In 1946, President Truman signed an amendment to the Capper-Crampton Act which, among other things, called for the Parkway to be extended into Maryland from the District Line to Marlboro Pike (then known as Marlboro Road). This extension, however, was carried out by the Maryland-National Capital Park and Planning Commission and was never part of the Parkway, nor did it ever extend past the Suitland Parkway.
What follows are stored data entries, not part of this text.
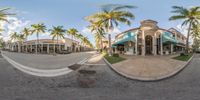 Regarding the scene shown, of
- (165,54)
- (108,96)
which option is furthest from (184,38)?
(108,96)

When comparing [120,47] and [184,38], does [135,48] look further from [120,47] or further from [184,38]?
[184,38]

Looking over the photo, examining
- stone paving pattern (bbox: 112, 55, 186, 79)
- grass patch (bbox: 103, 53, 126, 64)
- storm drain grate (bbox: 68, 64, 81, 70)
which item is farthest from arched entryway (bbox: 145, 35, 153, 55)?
storm drain grate (bbox: 68, 64, 81, 70)

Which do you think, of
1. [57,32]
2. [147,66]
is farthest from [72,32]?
[147,66]

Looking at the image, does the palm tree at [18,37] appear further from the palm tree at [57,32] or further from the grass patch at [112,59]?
the grass patch at [112,59]

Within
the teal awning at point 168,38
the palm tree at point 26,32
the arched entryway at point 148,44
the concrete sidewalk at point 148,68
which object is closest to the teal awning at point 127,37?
the arched entryway at point 148,44

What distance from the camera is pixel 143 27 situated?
738 cm

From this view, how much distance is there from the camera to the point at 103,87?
8.66 m

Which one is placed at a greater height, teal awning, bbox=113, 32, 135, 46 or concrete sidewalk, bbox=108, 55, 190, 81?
teal awning, bbox=113, 32, 135, 46

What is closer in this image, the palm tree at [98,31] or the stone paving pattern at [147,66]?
the stone paving pattern at [147,66]

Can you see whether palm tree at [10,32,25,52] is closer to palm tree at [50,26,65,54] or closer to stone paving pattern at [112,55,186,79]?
palm tree at [50,26,65,54]

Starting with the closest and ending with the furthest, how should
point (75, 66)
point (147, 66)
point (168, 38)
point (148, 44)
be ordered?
point (148, 44), point (168, 38), point (147, 66), point (75, 66)

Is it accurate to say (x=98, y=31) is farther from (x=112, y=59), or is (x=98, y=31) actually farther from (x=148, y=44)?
(x=148, y=44)

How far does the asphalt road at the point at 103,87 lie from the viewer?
7.36 m

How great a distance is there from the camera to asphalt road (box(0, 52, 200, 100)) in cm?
736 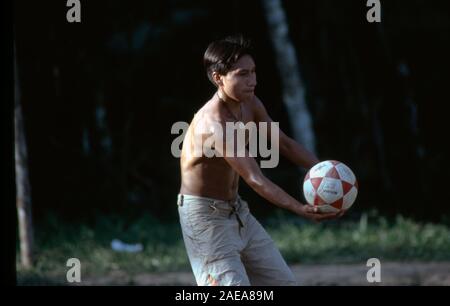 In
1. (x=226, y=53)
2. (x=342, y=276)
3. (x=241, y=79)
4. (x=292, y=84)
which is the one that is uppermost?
(x=292, y=84)

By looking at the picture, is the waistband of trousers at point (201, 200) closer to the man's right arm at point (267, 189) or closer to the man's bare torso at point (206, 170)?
the man's bare torso at point (206, 170)

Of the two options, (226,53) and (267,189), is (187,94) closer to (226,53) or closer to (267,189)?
(226,53)

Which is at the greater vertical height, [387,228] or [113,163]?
[113,163]

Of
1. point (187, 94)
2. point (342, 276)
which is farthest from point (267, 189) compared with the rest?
point (187, 94)

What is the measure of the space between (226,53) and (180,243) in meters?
4.22

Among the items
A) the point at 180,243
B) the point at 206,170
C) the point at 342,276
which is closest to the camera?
the point at 206,170

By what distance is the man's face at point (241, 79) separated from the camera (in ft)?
16.3

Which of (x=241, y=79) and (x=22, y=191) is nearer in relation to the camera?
(x=241, y=79)

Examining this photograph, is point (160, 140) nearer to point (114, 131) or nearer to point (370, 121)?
point (114, 131)

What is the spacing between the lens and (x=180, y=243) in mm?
8906

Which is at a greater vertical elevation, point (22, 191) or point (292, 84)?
point (292, 84)

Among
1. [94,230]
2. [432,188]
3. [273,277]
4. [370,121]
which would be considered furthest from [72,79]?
[273,277]

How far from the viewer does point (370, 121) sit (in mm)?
10297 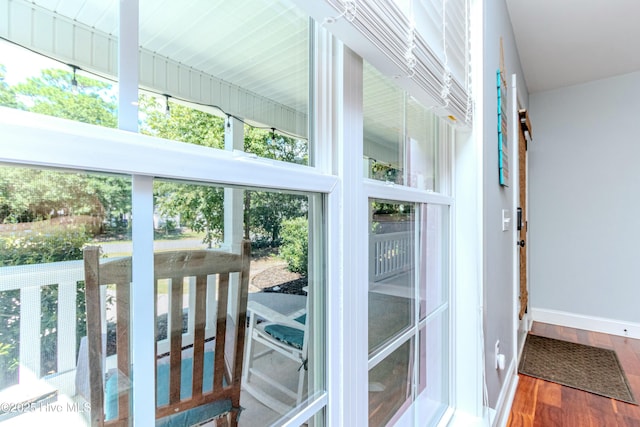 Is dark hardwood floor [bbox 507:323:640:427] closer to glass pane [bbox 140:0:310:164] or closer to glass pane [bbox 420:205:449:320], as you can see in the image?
glass pane [bbox 420:205:449:320]

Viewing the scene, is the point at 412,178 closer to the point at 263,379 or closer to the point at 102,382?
the point at 263,379

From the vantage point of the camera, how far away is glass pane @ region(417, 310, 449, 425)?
127 cm

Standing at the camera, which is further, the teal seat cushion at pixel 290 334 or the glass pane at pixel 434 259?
the glass pane at pixel 434 259

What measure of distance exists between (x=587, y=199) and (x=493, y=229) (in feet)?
8.44

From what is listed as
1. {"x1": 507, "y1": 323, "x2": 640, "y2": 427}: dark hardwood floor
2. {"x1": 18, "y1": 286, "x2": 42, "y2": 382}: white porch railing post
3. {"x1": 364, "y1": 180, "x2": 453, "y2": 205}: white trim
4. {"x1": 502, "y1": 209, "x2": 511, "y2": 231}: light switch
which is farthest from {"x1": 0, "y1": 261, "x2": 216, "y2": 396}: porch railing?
{"x1": 507, "y1": 323, "x2": 640, "y2": 427}: dark hardwood floor

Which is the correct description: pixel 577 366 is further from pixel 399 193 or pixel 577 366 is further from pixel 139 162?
pixel 139 162

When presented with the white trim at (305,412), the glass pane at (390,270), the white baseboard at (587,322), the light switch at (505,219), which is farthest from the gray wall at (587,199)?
the white trim at (305,412)

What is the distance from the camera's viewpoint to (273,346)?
61 centimetres

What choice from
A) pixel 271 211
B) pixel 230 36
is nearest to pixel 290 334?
pixel 271 211

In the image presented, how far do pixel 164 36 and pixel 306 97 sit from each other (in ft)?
1.01

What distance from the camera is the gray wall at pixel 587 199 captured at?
10.0 feet

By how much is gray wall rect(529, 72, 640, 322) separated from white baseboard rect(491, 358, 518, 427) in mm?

In 1951, NCPPC began work on transferring some of the Camp Simms Firing Range, an irregularly shaped plot located between Alabama Avenue, Southern Avenue, 13th and Valley Terrace to the National Park Service. The portion they sought for the park was between Mississippi Ave and Valley Avenue, as the Parkway already included the land on both sides of the rifle range. The range had been in use since 1904, but by 1953 it no longer was and the District was making plans to extend a highway through the area, with one lane on each side of the run. In 1958, the Defense Department transferred the land to the General Services Administration and later 94 acre of the site was added to the parkway. In July 1994, while digging wells in preparation for the Green Line tunnel, Metro discovered 6 Stokes mortar rounds, prompting the U.S. Army Corps of Engineers (COE) to begin a clean-up of the site. By the end of 1995 they had found 30 pieces of live ammunition, and by the end of 1997 a total of 74 pieces. The clean-up took two years and delayed construction of the Green Line tunnel beneath the Parkway. Following the clean-up, the National Park Service and the USDA National Resource Conservation Service
(NRCS) performed an ecological restoration of Oxon Run within the Parkway, stabilizing the soil with jute mating and planting new plants. They also restored the old rifle range, which contained lead-contaminated soils and old shell casings left from years of target practice, by covering it with new top soil. Work was completed in January 2000.

NCPPC began divesting itself of the land it had acquired as early as 1942 when it turned over the Oxon Run Recreation Center, between Mississippi and Valley Avenue & 4th and 6th Streets, to the then newly formed District Recreation Board. In 1971, NCPC transferred 300 acre of federal parkland from the National Park Service to the District government, part of a larger 700 acre transfer, including Watts Branch, Pope Branch and most of the Oxon Run Parkway. The transferred land along Oxon Run became Oxon Run Park. Other plots were handed over for schools and for an arts recreation center.